◆ TASK BRIEF:
Each entry is to be reproduced verbatim, and images are to be omitted.

◆ WORKING DATA:
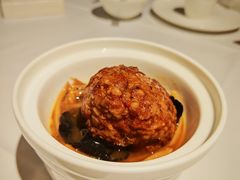 -西湖春天•老字号杭州菜(百汇店)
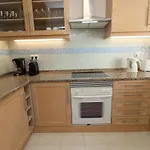 Sao Rafael 92a, - Algarve *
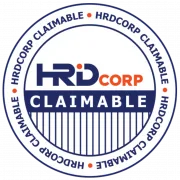 HRD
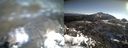 ./images/calvert/buxton2/20190208/buxton220190208_115939M.jpg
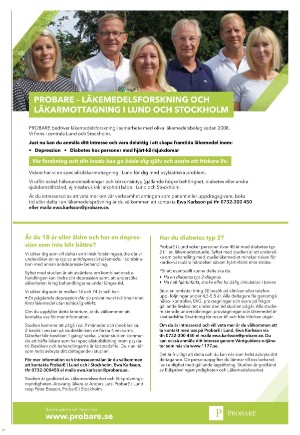 kvallsposten_bilag-20201207_000_00_00_007.pdf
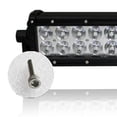 thumbnail image 4 of Black Horse Offroad PL3104FS-GS LED LIGHTS, 4 of 7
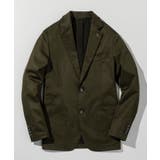 1PIU1UGUALE3 RELAX ウノピゥウノウグァーレトレ | SHIFFON | 詳細画像41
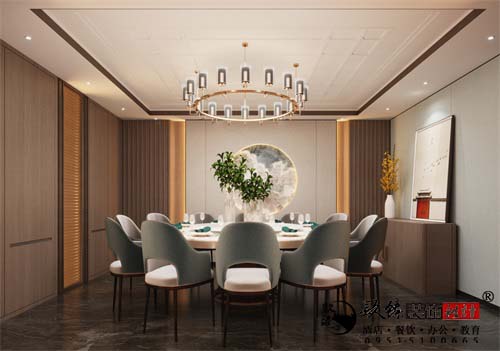 �y����偵��b���O(sh��)Ӌ(j��)Ч���D|�N���O(sh��)Ӌ(j��)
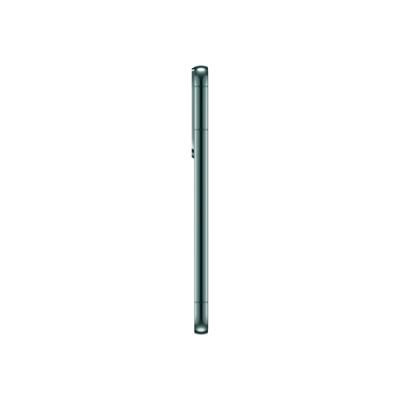 8806092987203-Samsung Galaxy S22 - Smartphone - 5G - 8/128 Go - vert-P_405128364_9-7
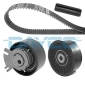 KTB309 Dayco Комплект ГРМ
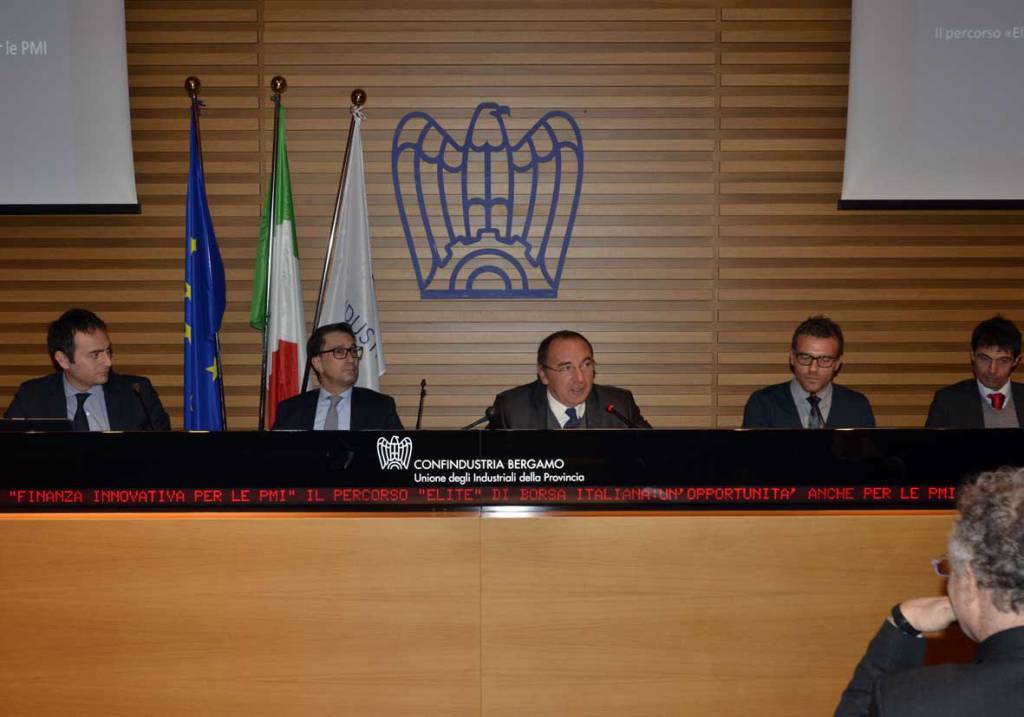 confindustria bergamo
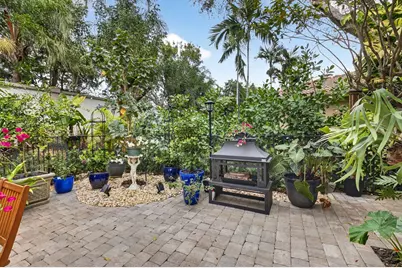 7723 Via Grande, Boynton Beach, FL 33437 - Photo 44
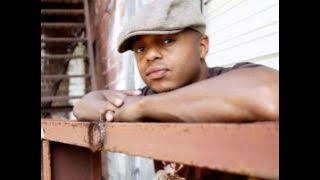 Golden Era Flow Ft Rob Jackson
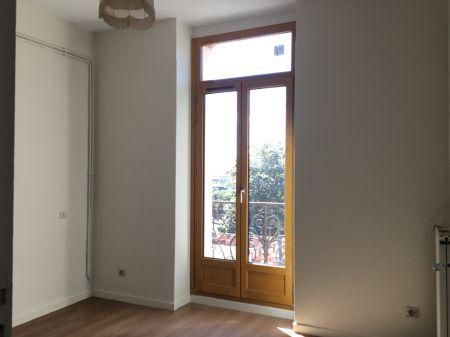 Location - Appartement - 3 pièces - 66.01 m² - montauban - Photo 4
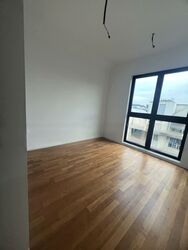 Kovan Jewel (D19), Apartment #476300911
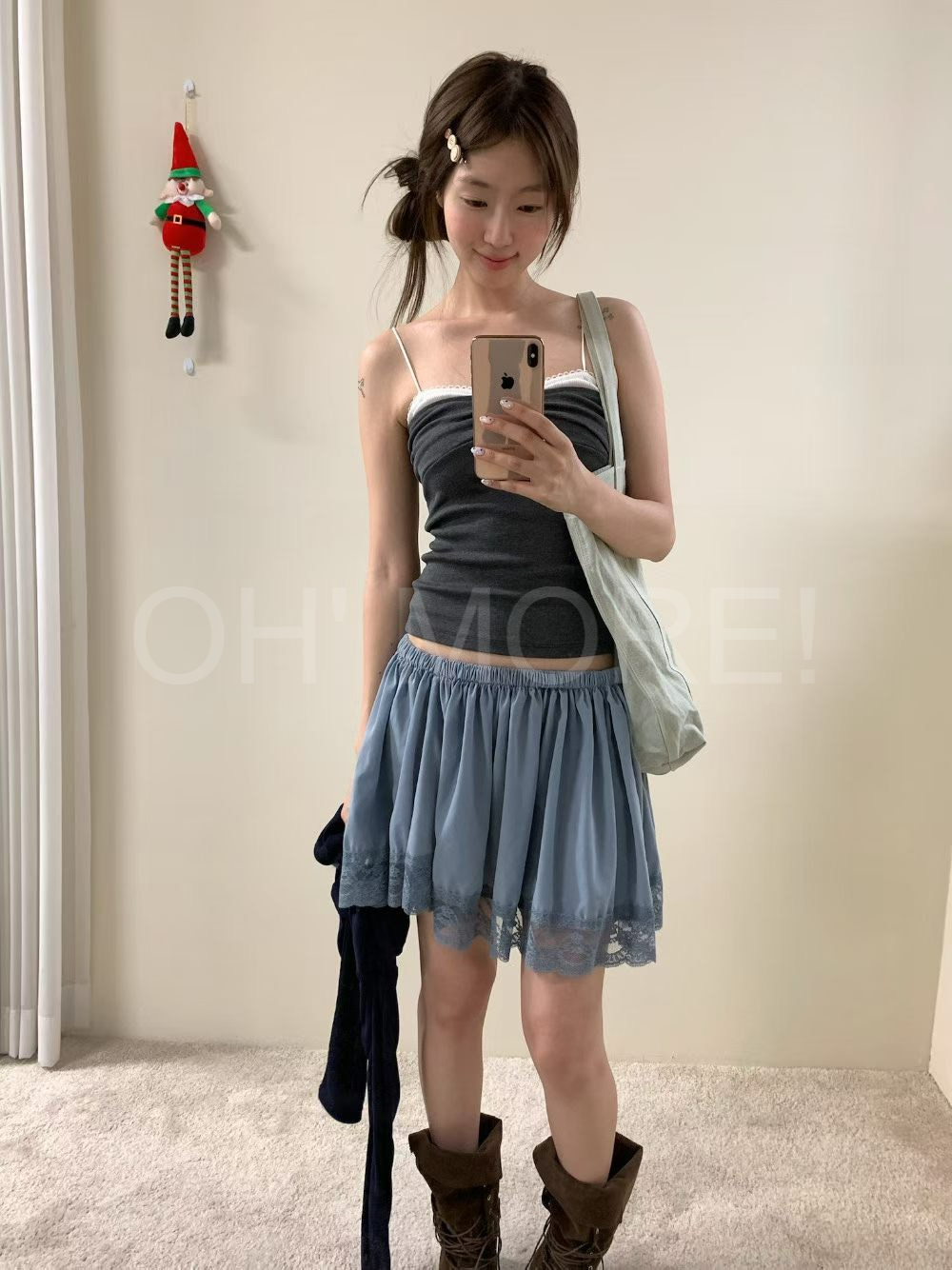 LINE_ALBUM_2026622_260622_81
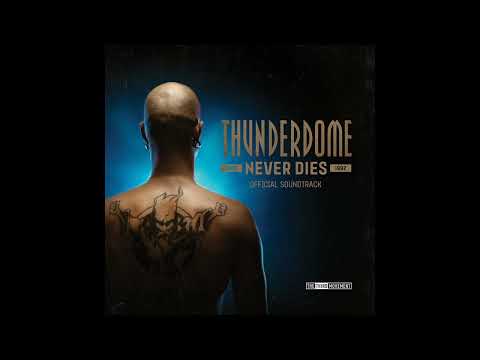 Bertocucci Feranzano - XTC Love (Official Audio)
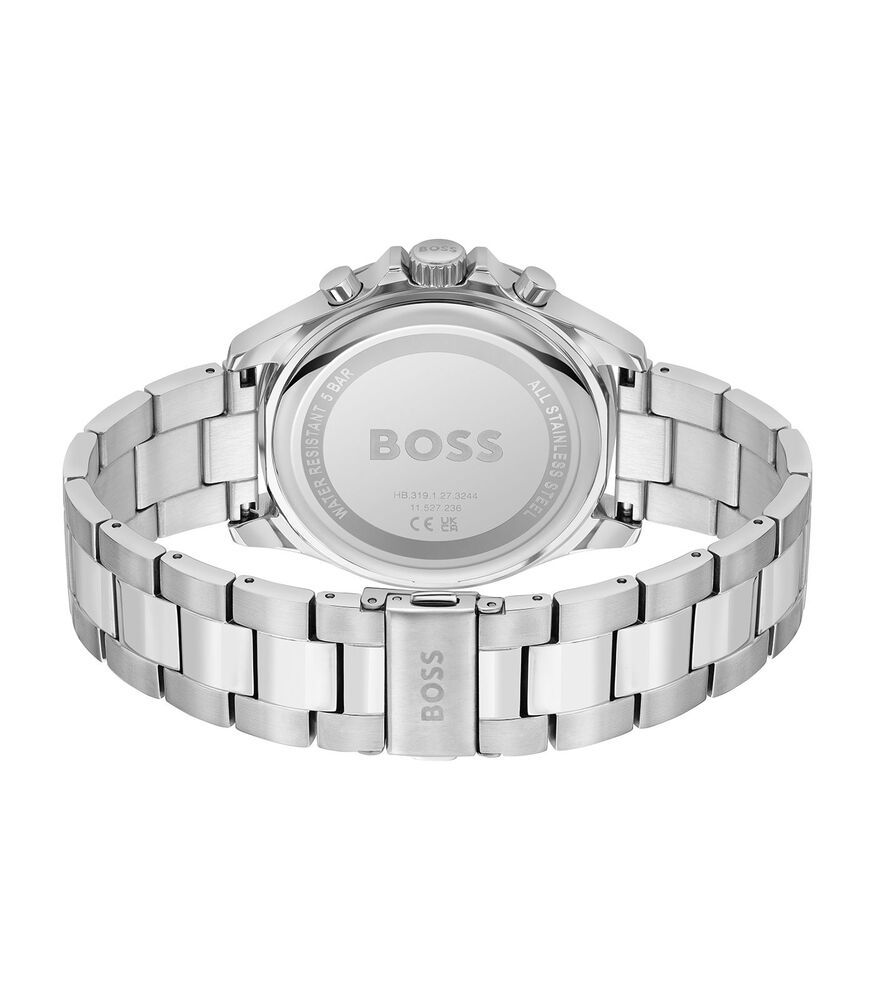 Hugo Boss 1514101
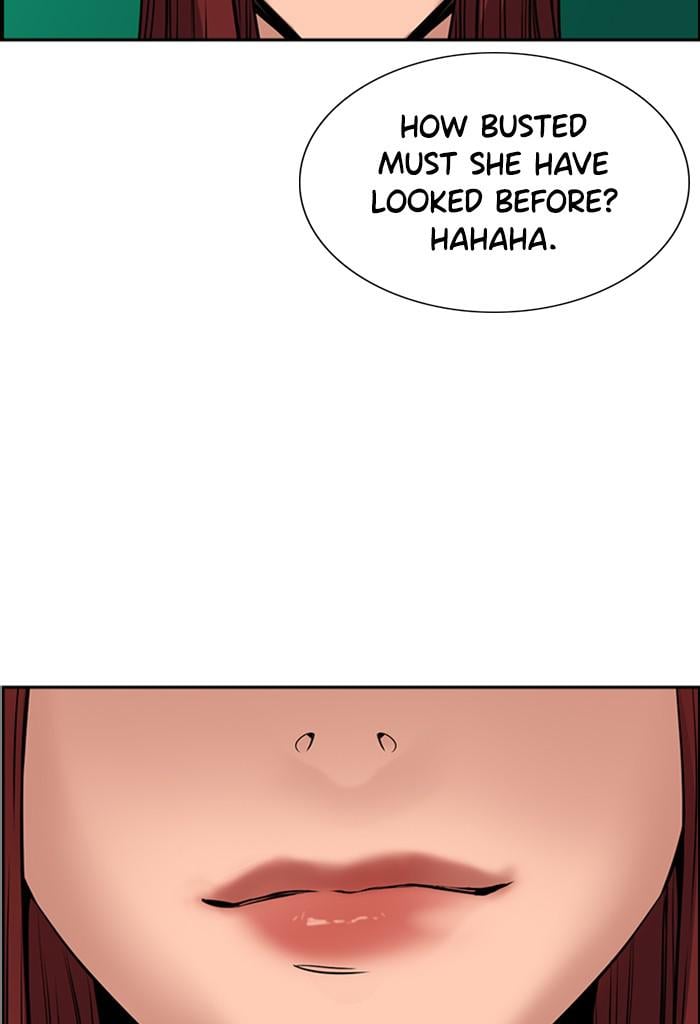 Page 96 of Chapter 16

◆ ANSWER AREA:
 -西湖春天•老字号杭州菜(百汇店)
 Sao Rafael 92a, - Algarve *
 HRD
 ./images/calvert/buxton2/20190208/buxton220190208_115939M.jpg
 kvallsposten_bilag-20201207_000_00_00_007.pdf
 thumbnail image 4 of Black Horse Offroad PL3104FS-GS LED LIGHTS, 4 of 7
 1PIU1UGUALE3 RELAX ウノピゥウノウグァーレトレ | SHIFFON | 詳細画像41
 �y����偵��b���O(sh��)Ӌ(j��)Ч���D|�N���O(sh��)Ӌ(j��)
 8806092987203-Samsung Galaxy S22 - Smartphone - 5G - 8/128 Go - vert-P_405128364_9-7
 KTB309 Dayco Комплект ГРМ
 confindustria bergamo
 7723 Via Grande, Boynton Beach, FL 33437 - Photo 44
 Golden Era Flow Ft Rob Jackson
 Location - Appartement - 3 pièces - 66.01 m² - montauban - Photo 4
 Kovan Jewel (D19), Apartment #476300911
 LINE_ALBUM_2026622_260622_81
 Bertocucci Feranzano - XTC Love (Official Audio)
 Hugo Boss 1514101
 Page 96 of Chapter 16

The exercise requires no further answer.